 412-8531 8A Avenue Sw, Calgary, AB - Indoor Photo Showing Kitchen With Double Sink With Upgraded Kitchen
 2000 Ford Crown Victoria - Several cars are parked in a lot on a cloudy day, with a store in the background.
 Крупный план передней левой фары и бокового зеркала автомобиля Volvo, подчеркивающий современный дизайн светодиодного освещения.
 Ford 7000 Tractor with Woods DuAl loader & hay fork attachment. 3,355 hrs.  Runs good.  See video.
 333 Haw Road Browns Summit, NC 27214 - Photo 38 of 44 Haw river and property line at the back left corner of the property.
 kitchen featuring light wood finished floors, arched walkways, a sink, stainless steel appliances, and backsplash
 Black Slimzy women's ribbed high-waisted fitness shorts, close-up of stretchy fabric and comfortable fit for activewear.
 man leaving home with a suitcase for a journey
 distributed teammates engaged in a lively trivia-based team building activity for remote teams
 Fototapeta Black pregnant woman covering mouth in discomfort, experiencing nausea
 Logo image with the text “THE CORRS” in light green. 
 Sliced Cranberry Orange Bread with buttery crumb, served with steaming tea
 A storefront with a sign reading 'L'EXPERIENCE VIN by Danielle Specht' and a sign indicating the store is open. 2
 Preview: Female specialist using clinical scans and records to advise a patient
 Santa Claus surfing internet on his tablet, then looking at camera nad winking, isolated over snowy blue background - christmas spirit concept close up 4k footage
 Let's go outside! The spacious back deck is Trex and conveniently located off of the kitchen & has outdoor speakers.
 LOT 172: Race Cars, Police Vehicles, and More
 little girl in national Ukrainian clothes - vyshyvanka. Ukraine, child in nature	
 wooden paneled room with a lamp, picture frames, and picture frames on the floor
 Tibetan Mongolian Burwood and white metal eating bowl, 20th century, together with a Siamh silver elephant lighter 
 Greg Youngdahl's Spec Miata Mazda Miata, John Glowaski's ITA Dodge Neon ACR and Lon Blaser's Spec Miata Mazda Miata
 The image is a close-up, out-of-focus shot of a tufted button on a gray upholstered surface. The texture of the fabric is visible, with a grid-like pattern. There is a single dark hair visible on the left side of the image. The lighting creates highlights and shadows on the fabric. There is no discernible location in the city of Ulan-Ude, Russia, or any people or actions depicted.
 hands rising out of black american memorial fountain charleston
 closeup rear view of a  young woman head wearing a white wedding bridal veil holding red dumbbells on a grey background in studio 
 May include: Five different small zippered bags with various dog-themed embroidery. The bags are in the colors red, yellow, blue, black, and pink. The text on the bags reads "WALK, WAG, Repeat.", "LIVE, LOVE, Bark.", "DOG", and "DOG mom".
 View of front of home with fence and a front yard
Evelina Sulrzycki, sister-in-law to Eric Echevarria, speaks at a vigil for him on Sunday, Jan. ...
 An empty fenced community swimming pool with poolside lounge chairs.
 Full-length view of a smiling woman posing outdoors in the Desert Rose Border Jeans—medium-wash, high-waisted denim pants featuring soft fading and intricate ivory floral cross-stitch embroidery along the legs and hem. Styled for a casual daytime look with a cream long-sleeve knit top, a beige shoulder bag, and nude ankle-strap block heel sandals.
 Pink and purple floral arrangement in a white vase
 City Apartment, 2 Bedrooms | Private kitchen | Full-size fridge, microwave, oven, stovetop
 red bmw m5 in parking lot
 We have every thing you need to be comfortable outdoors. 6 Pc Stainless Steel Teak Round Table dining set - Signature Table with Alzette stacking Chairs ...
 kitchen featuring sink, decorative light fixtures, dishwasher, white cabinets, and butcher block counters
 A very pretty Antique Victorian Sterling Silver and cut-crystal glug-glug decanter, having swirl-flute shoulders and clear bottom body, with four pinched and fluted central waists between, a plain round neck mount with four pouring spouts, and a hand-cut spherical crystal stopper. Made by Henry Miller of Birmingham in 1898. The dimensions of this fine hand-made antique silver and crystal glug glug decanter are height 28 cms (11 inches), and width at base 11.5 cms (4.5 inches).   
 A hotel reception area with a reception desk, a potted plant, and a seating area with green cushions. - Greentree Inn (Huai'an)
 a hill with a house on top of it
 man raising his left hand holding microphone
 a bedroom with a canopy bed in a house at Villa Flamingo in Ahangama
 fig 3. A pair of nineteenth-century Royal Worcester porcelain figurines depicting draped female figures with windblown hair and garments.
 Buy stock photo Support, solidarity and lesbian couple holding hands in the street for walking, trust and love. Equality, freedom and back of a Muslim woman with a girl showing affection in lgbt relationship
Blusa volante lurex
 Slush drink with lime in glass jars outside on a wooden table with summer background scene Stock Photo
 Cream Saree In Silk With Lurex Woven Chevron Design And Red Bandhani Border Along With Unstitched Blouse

→ **Exercise goal**: Quote the listing above, but only from the line that shows "Evelina Sulrzycki, sister-in-law" through the line that shows "A hotel reception".

→ **Solved problem**:
Evelina Sulrzycki, sister-in-law to Eric Echevarria, speaks at a vigil for him on Sunday, Jan. ...
 An empty fenced community swimming pool with poolside lounge chairs.
 Full-length view of a smiling woman posing outdoors in the Desert Rose Border Jeans—medium-wash, high-waisted denim pants featuring soft fading and intricate ivory floral cross-stitch embroidery along the legs and hem. Styled for a casual daytime look with a cream long-sleeve knit top, a beige shoulder bag, and nude ankle-strap block heel sandals.
 Pink and purple floral arrangement in a white vase
 City Apartment, 2 Bedrooms | Private kitchen | Full-size fridge, microwave, oven, stovetop
 red bmw m5 in parking lot
 We have every thing you need to be comfortable outdoors. 6 Pc Stainless Steel Teak Round Table dining set - Signature Table with Alzette stacking Chairs ...
 kitchen featuring sink, decorative light fixtures, dishwasher, white cabinets, and butcher block counters
 A very pretty Antique Victorian Sterling Silver and cut-crystal glug-glug decanter, having swirl-flute shoulders and clear bottom body, with four pinched and fluted central waists between, a plain round neck mount with four pouring spouts, and a hand-cut spherical crystal stopper. Made by Henry Miller of Birmingham in 1898. The dimensions of this fine hand-made antique silver and crystal glug glug decanter are height 28 cms (11 inches), and width at base 11.5 cms (4.5 inches).   
 A hotel reception area with a reception desk, a potted plant, and a seating area with green cushions. - Greentree Inn (Huai'an)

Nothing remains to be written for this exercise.